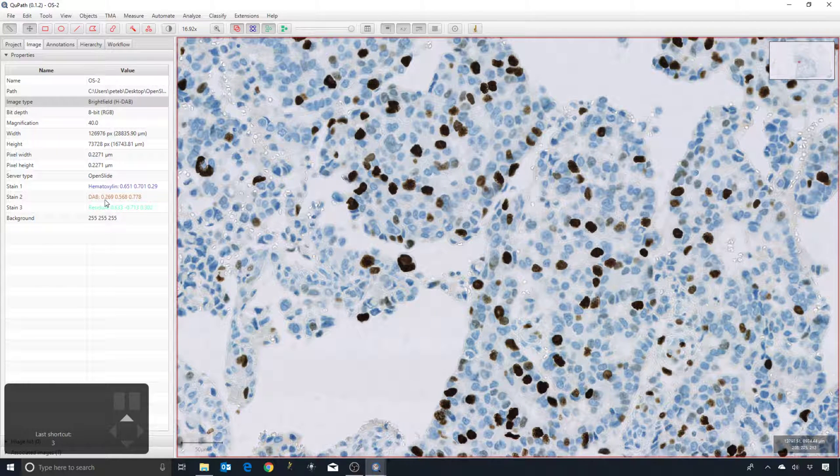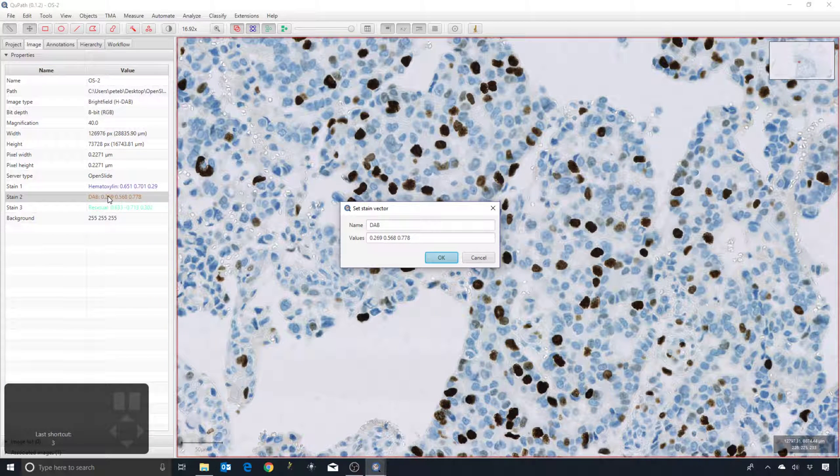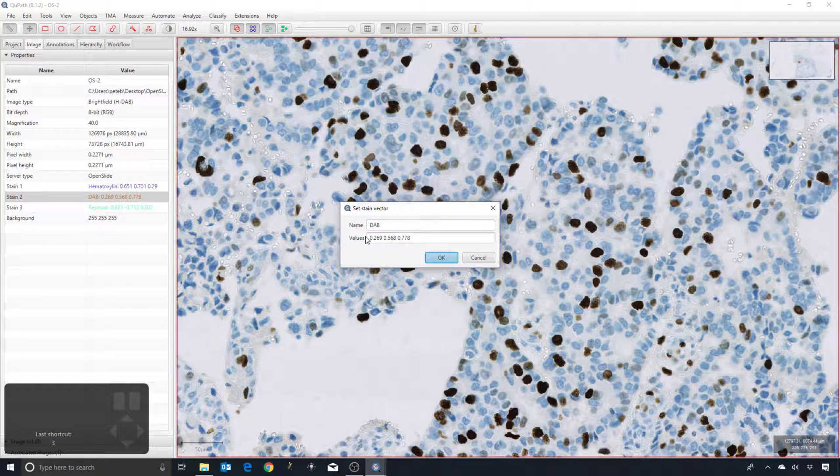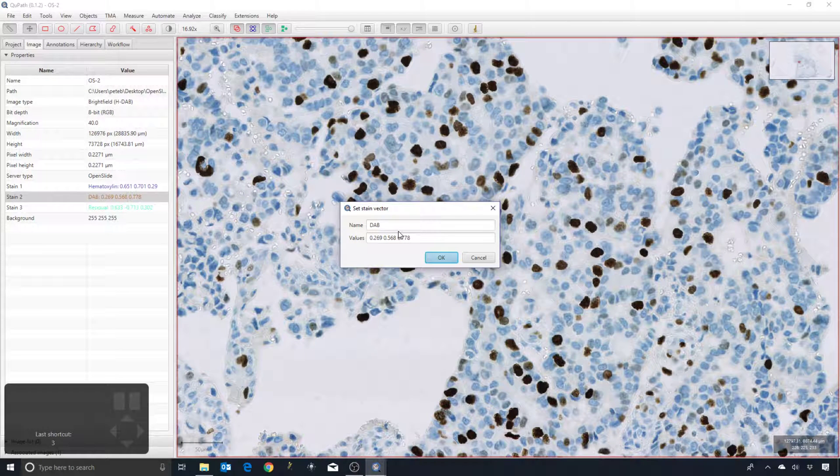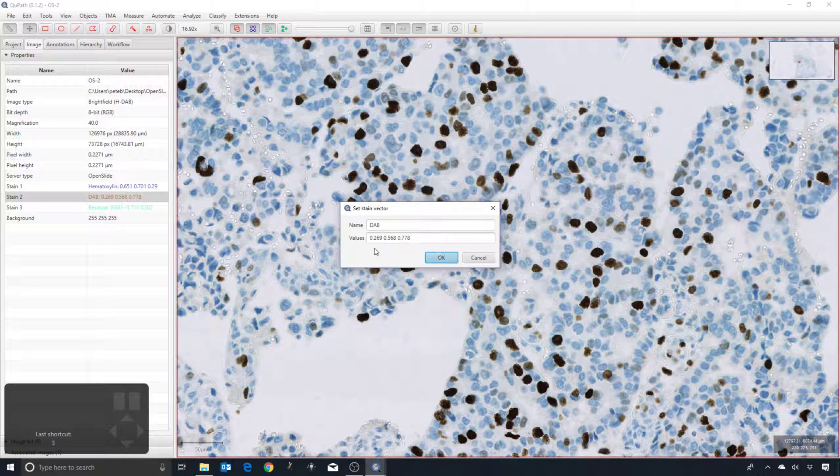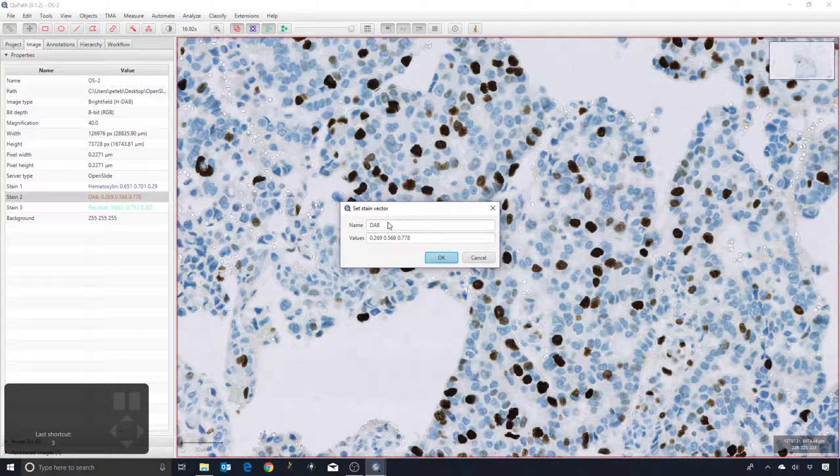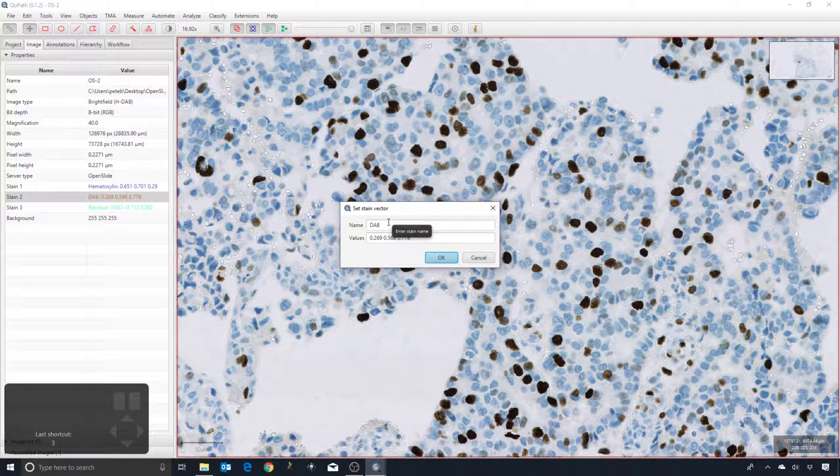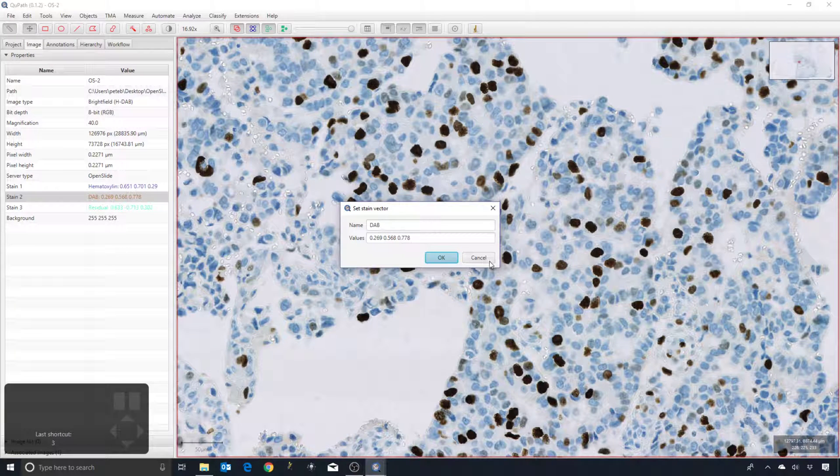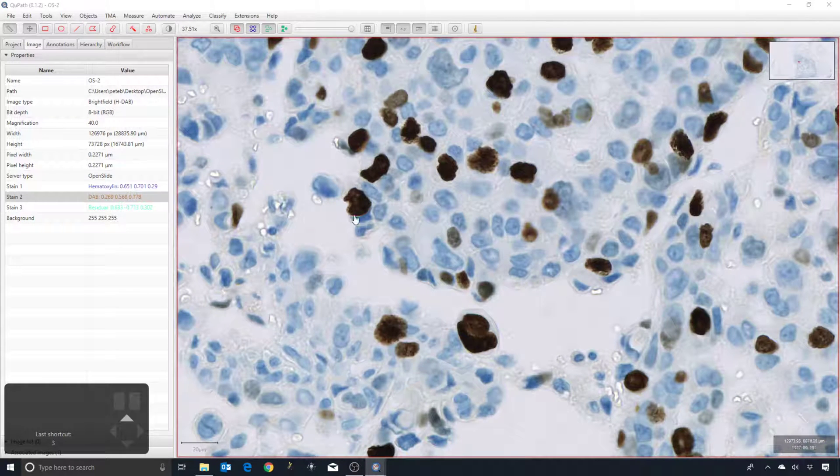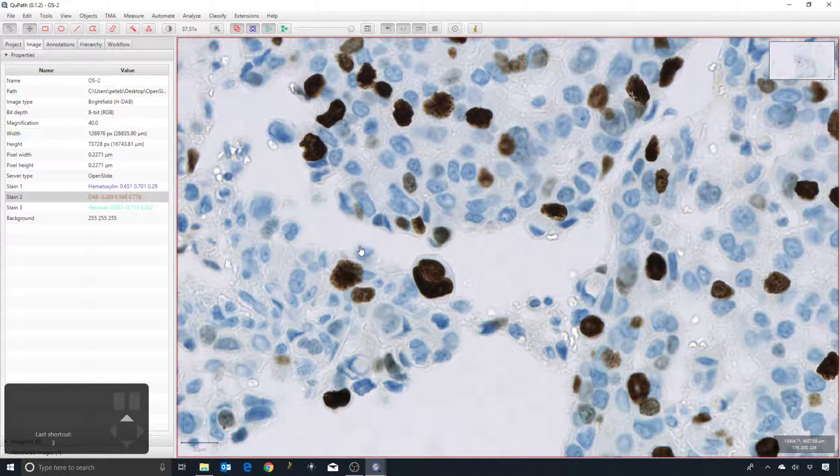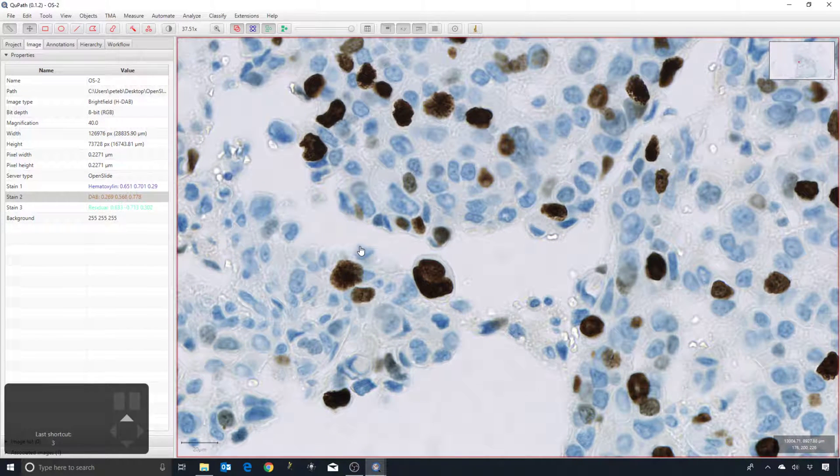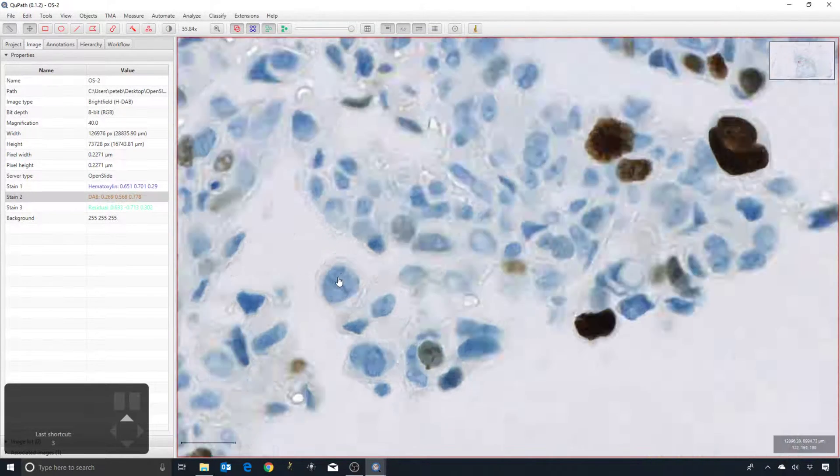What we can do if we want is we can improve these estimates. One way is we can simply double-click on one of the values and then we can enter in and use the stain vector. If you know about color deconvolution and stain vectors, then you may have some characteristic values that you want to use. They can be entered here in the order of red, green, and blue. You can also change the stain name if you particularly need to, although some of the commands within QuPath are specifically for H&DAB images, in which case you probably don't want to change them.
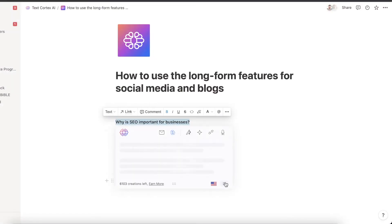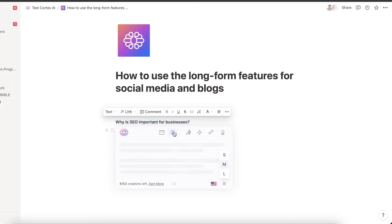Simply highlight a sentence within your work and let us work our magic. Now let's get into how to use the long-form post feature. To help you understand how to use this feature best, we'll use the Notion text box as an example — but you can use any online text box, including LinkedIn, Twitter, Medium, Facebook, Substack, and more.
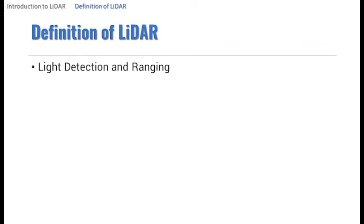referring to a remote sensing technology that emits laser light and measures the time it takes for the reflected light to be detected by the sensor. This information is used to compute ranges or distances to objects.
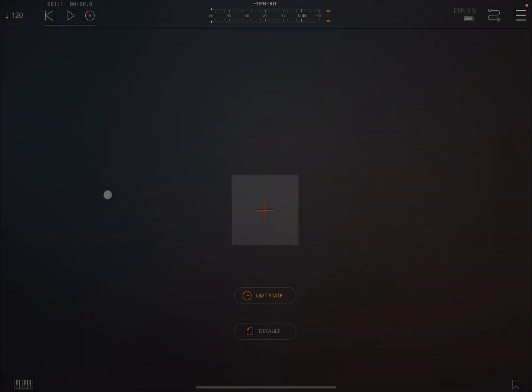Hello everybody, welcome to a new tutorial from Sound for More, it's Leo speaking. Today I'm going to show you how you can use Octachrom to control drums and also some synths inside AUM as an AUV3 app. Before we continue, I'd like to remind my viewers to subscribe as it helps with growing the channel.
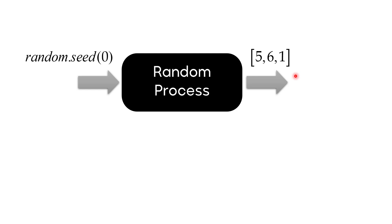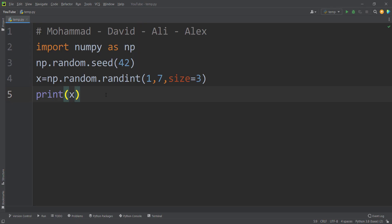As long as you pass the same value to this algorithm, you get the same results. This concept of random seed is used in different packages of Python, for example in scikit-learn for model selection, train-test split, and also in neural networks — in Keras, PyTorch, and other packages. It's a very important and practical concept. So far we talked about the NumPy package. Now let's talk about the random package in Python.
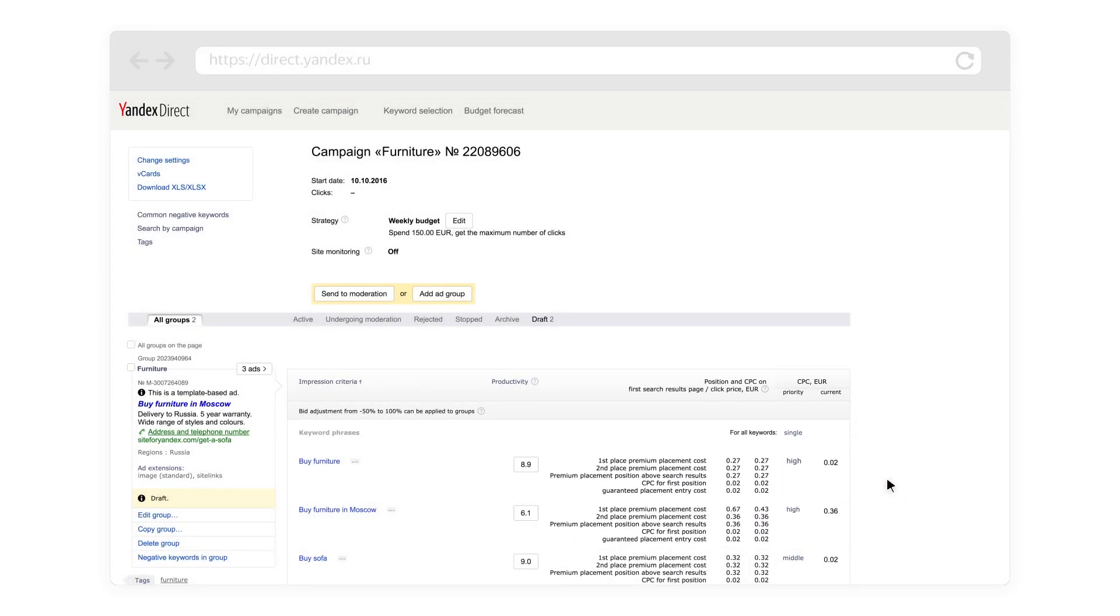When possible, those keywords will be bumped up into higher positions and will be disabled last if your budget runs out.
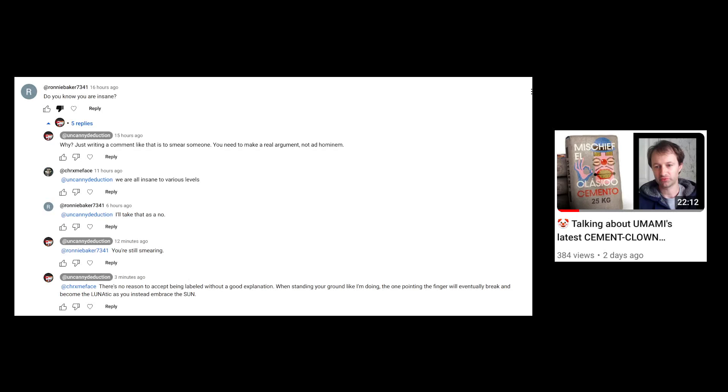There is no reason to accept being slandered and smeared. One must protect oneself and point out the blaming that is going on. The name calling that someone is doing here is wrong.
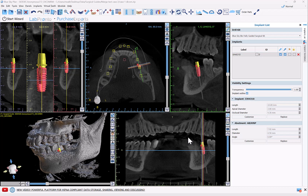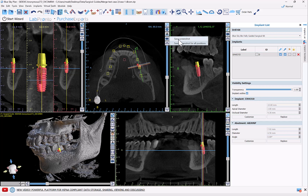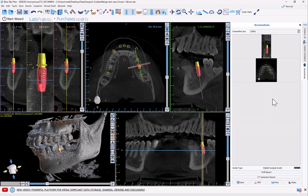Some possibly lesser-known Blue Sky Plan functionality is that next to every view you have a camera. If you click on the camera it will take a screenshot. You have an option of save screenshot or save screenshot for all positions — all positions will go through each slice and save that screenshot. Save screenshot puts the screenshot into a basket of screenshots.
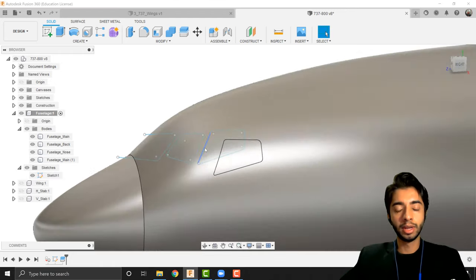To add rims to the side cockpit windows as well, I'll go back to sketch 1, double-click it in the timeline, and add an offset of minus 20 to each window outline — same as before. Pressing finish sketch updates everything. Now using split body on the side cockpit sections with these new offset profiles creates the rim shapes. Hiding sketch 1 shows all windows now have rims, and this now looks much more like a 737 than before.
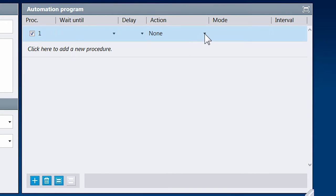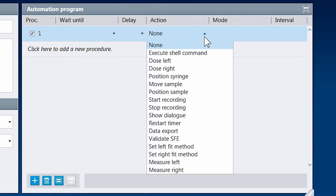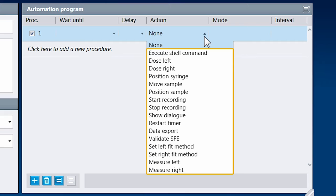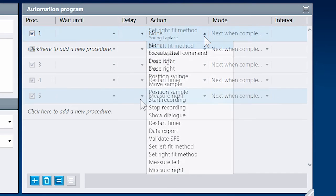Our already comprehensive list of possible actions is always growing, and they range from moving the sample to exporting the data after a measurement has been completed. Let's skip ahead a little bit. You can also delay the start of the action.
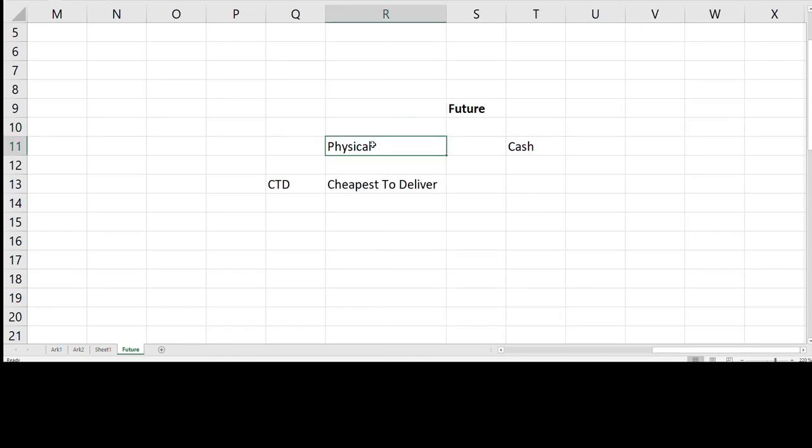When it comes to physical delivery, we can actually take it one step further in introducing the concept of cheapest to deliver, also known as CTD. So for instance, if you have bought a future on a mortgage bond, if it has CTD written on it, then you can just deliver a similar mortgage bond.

-=-=-=-=-

#### WHAT IS EXPECTED:
Within the listing above, print exactly the stretch beginning at the line that contains "As long as you" and finishing at the line that contains "Some possibly lesser-known", ends kept, pictures left out, and nothing more.

#### YOUR RESPONSE:
As long as you pass the same value to this algorithm, you get the same results. This concept of random seed is used in different packages of Python, for example in scikit-learn for model selection, train-test split, and also in neural networks — in Keras, PyTorch, and other packages. It's a very important and practical concept. So far we talked about the NumPy package. Now let's talk about the random package in Python.
When possible, those keywords will be bumped up into higher positions and will be disabled last if your budget runs out.
There is no reason to accept being slandered and smeared. One must protect oneself and point out the blaming that is going on. The name calling that someone is doing here is wrong.
Some possibly lesser-known Blue Sky Plan functionality is that next to every view you have a camera. If you click on the camera it will take a screenshot. You have an option of save screenshot or save screenshot for all positions — all positions will go through each slice and save that screenshot. Save screenshot puts the screenshot into a basket of screenshots.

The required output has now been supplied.